UC DLFX 2018 Combined Session G Notes
UC DLFX 2018 Combined Session G
Digital Conversion in the Modern Research Ecosystem
Stefan Elnabli (UCSD) - Media Curation Librarian and Supervisor, Digital Reformatting Operations
Interesting place to be halftime in collections and half in digital collections.
Digital conversion/digitizing isn't just a means of preservation or of access, but foundational to entire creational process of library collections which includes its use in modern research. Files we produce and disseminate should be considered tools.
in service of digital scholarship, and knowledge production, digital conversion is integral to the preservation, access, and future of our digital collections. What is the basis for knowledge production? how do we get from data to knowledge. How do we use our digital collections to answer different kinds of research questions? What is the value of digital collections and how can we measure it?

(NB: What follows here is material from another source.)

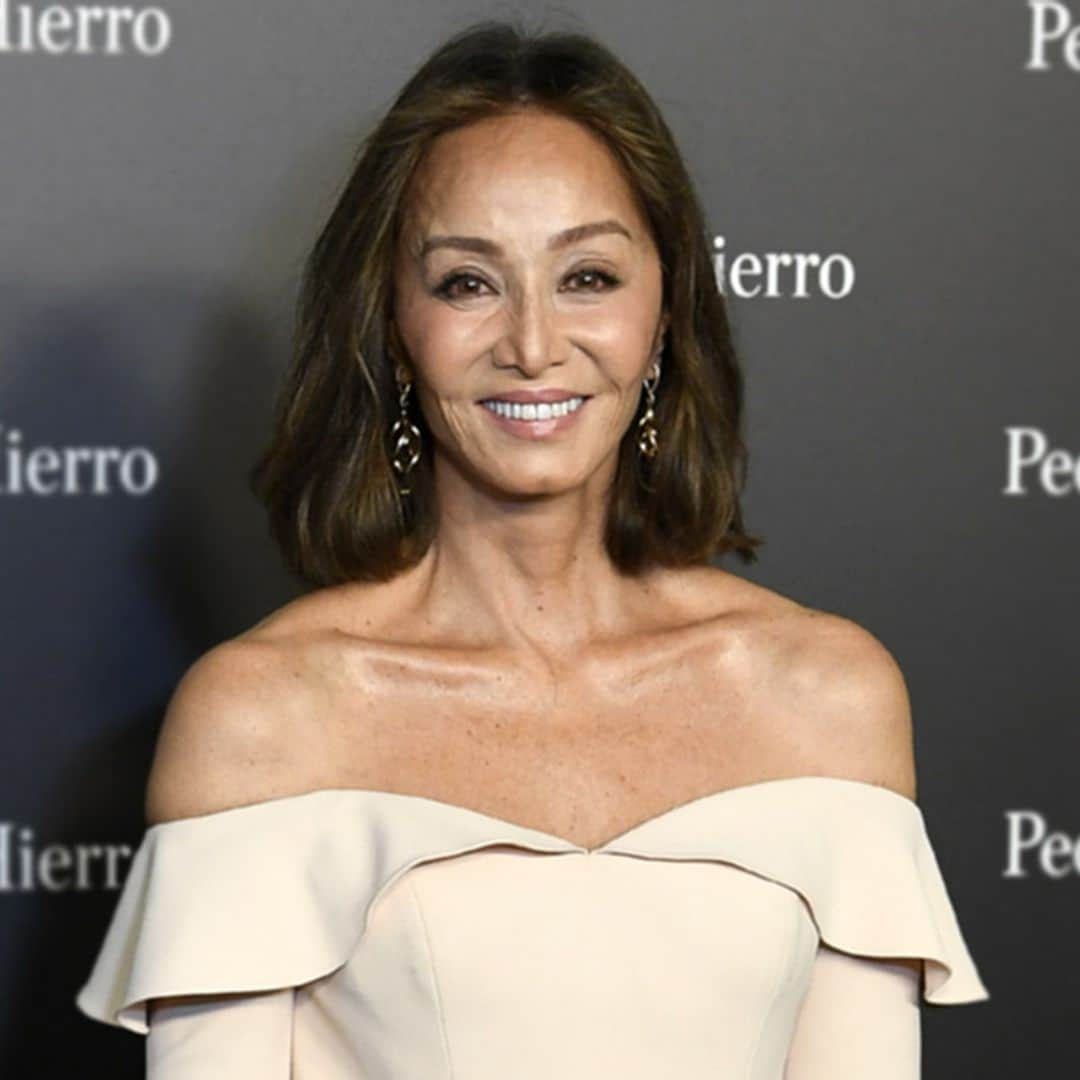 La reacción de Isabel Preysler al ser preguntada por el 'look' de Belén Esteban el día de su boda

Token OAIS Model - refers to open archival information system. Producer submits to a repository--basis for allowing you to test the assertion that these things are being preserved. When those responsible for digital conversion, assume role of producer,, contributing to submission information packages. SIPs abide by requirements. We need to be aware of the end users, and need to be specific in defining designated community so you can add value ot the data they need. How? Permeate the whole process.
Stuff comes in, people migrate bits. Bits migrated or created need to comply with best practices and need to comply with end users needs. Need to be format experts, know care and handling, know digitization and migration, know how files generated are sustainable, know what metadata is important and how things can be accessed so data disseminated maximizes potential for scholarship and knowledge production.
Should care because fruit of our labor isn't merely access or preservation but in knowledge produced from data contributed to repository and our work, which starts at point of digital conversion of our collections. We can benefit by extending digital purview. Often the case that the needs of researchers and faculty feed back into user stories that feed back into development and digital conversion practices. How can conversion process enable ADA compliance when digitizing AV--ho can we envision closed caption metadata being used by communities. If researcher needs ot convey data visually, how can we enable that?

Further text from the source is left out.